> [BRIEF]:
Please copy exactly the part of the records below that opens with the line containing "Contempory Kunst Kaffeetasse" and closes with the line containing "16 Capsule Nescafe Dolce Gusto Espresso", leaving out any pictures.

> [RECORDED INFORMATION]:

==================================================

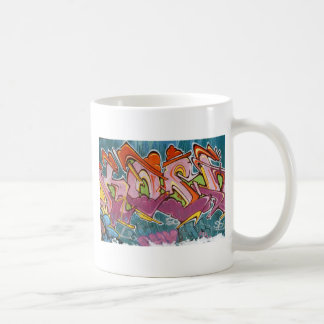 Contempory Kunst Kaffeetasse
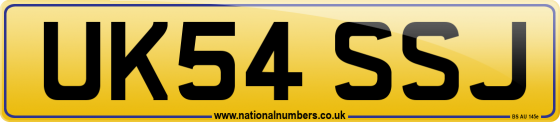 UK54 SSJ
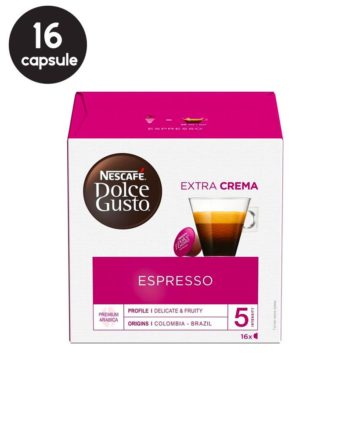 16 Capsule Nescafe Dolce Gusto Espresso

==================================================

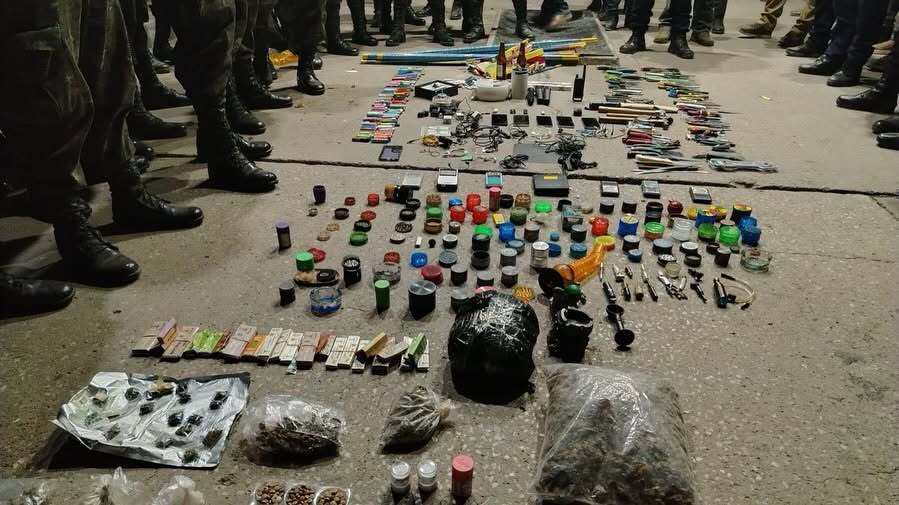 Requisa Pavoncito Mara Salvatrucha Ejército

==================================================

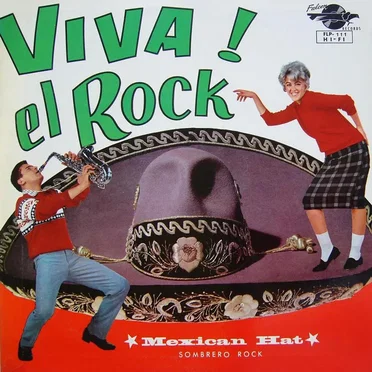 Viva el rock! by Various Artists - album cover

==================================================

> [ANSWER AREA]:
 Contempory Kunst Kaffeetasse
 UK54 SSJ
 16 Capsule Nescafe Dolce Gusto Espresso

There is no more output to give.